JJ, you need to put those installers to work.....lol!


----------



## nigeDLS (Nov 5, 2011)

Lunchbox12 said:


> Reading this thread makes me feel pretty good as I had just purchased a Esotar2 650/430/102 from Jerry as well. Can't wait to get em into my car and hear these things sing!


Trust me, you won't be dissappointed! I recently installed 650, 430 and 110, and i am very impressed. TBH, the 430 is undoubtedly the star of the show, which is surprising as the 110 is more expensive, but as a set i haven't heard better.


----------



## BuickGN (May 29, 2009)

nigeDLS said:


> Trust me, you won't be dissappointed! I recently installed 650, 430 and 110, and i am very impressed. TBH, the 430 is undoubtedly the star of the show, which is surprising as the 110 is more expensive, but as a set i haven't heard better.


Agreed about everything. All of those speakers are amazing and the 430 is the best of the group. I've had mine playing 200hz-8,000hz and they sound so natural. Currently at 320hz to 6khz and I've never had a better sounding system.


Lunchbox12 said:


> Reading this thread makes me feel pretty good as I had just purchased a Esotar2 650/430/102 from Jerry as well. Can't wait to get em into my car and hear these things sing!

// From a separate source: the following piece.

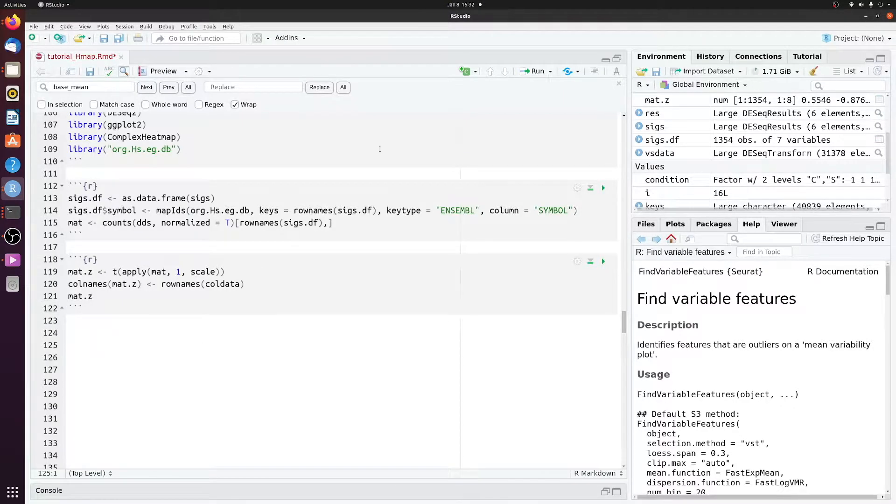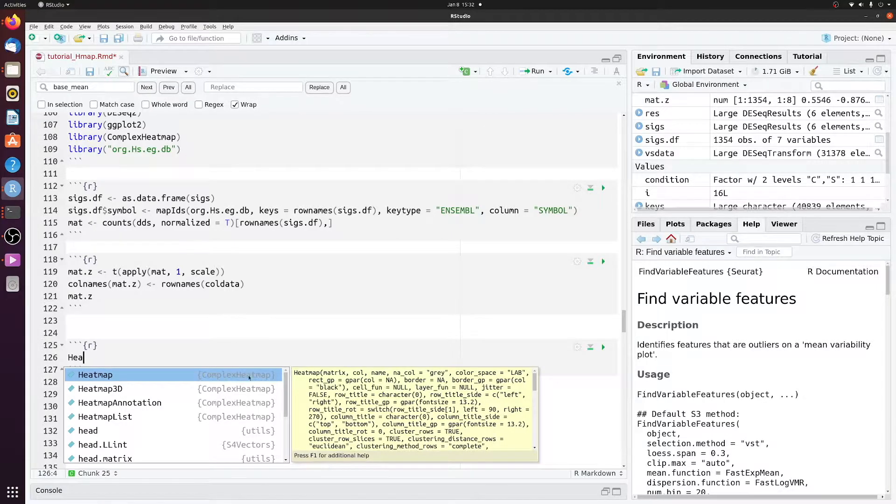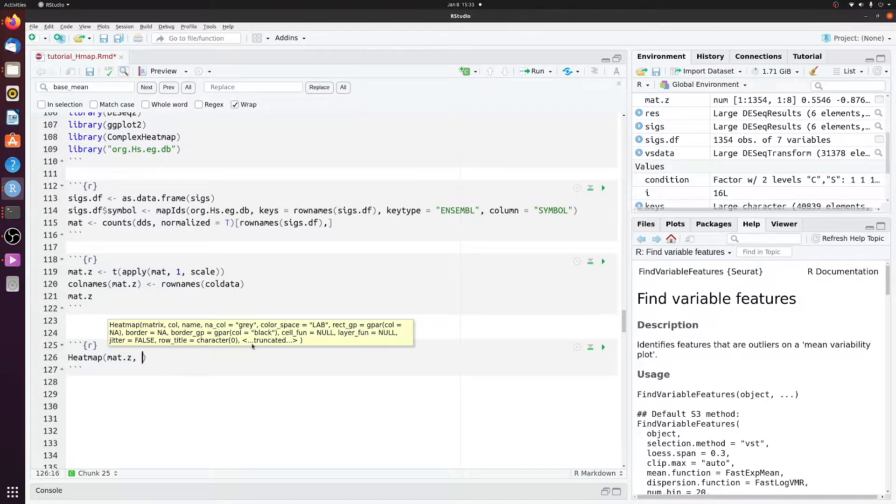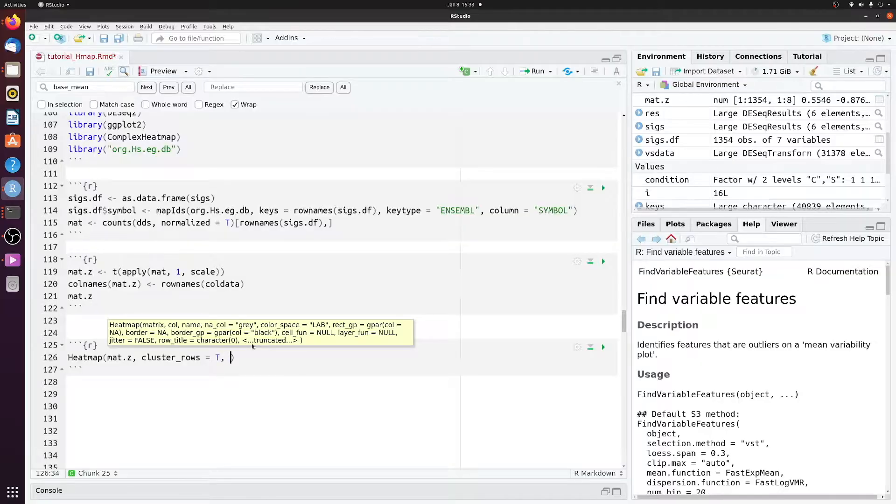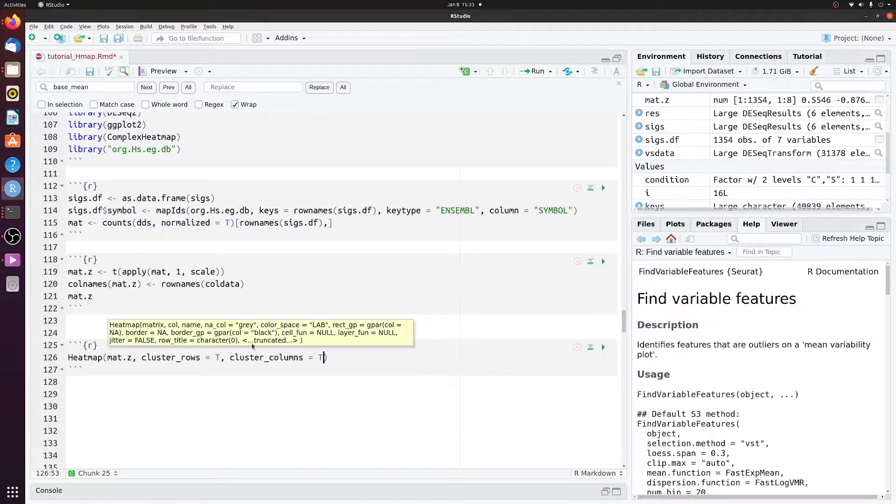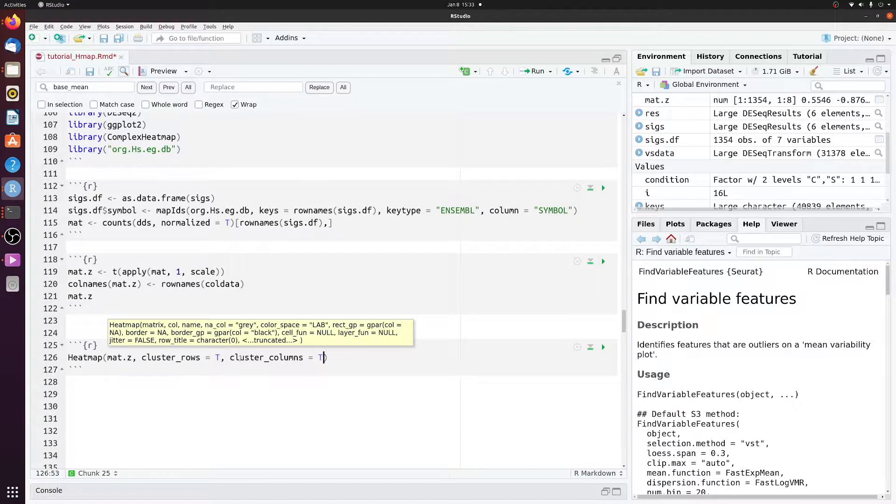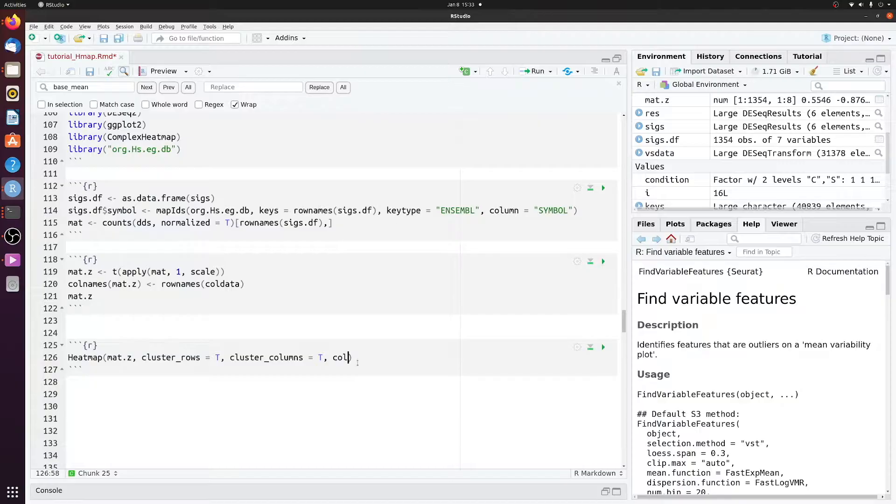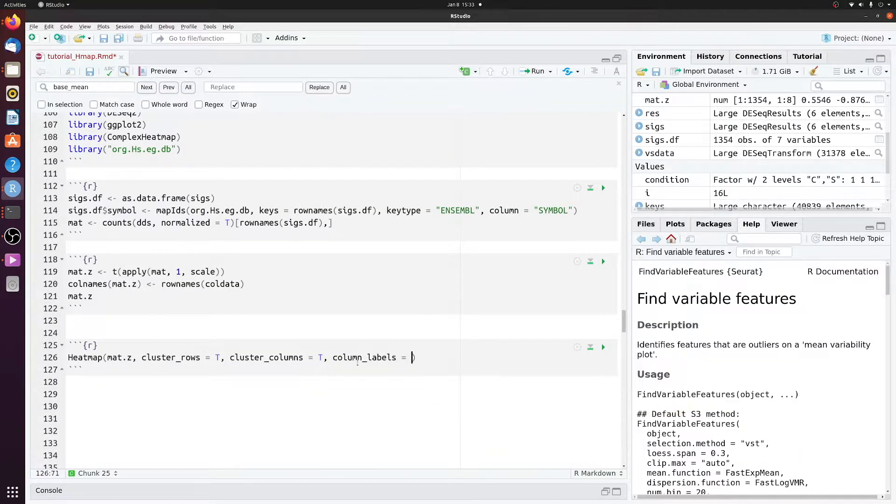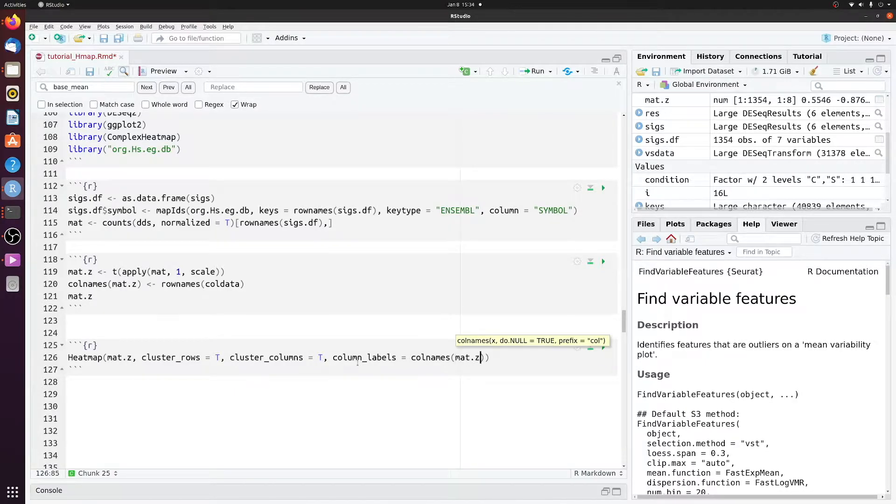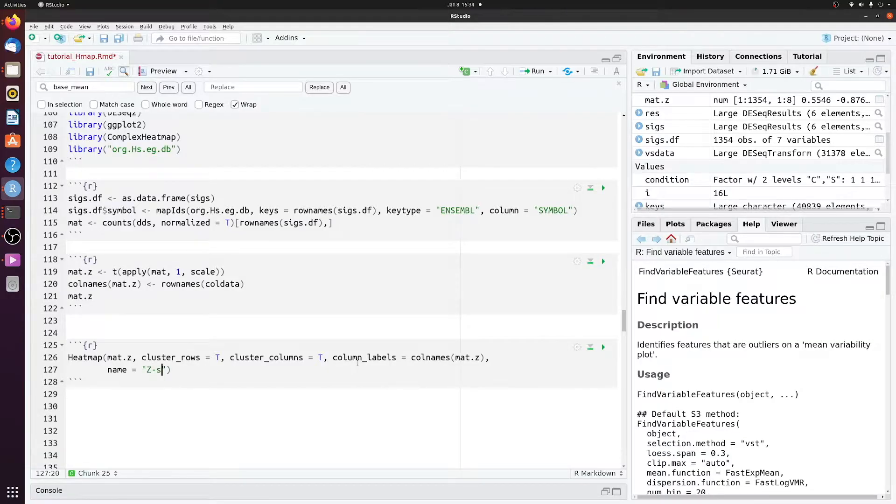And now we can actually make the heat map. So we're going to use the heat map function from complex heat map. And we're going to pass the mat.z object. And then let's just, for now, cluster both the rows and the columns. So we're going to cluster the genes and the samples. You usually always want to cluster the samples. You don't always need to cluster the genes, but sometimes it makes it look a little nicer because it groups similar patterns together. And then column labels is going to equal the call names of our mat.z. And then our name, so our values, we're going to call them zscore. And then that's it.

You will not be disappointed. I had that exact combo for a while and loved every second of it. The 430 is nothing short of amazing, vocals will be incredibly realistic, the 102 has that perfect blend of detail and realism with no harshness, and the 650 doesn't realize it's just a 6.5". It digs down low with ease and never muddies up or loses it's composure at any volume level. I ended up going with MW182, Dyn's 10" midbass only because I had the door panel off one day while playing music loudly and the amount of excursion from the 650s was scary. So I decided to lighten the load on them and go with a larger midbass. The MW172 was out of the question because with the excursion capabilities of the 650, it had about the same displacement as Dyn's 8".


----------



## nigeDLS (Nov 5, 2011)

BuickGN said:


> Agreed about everything. All of those speakers are amazing and the 430 is the best of the group. I've had mine playing 200hz-8,000hz and they sound so natural. Currently at 320hz to 6khz and I've never had a better sounding system.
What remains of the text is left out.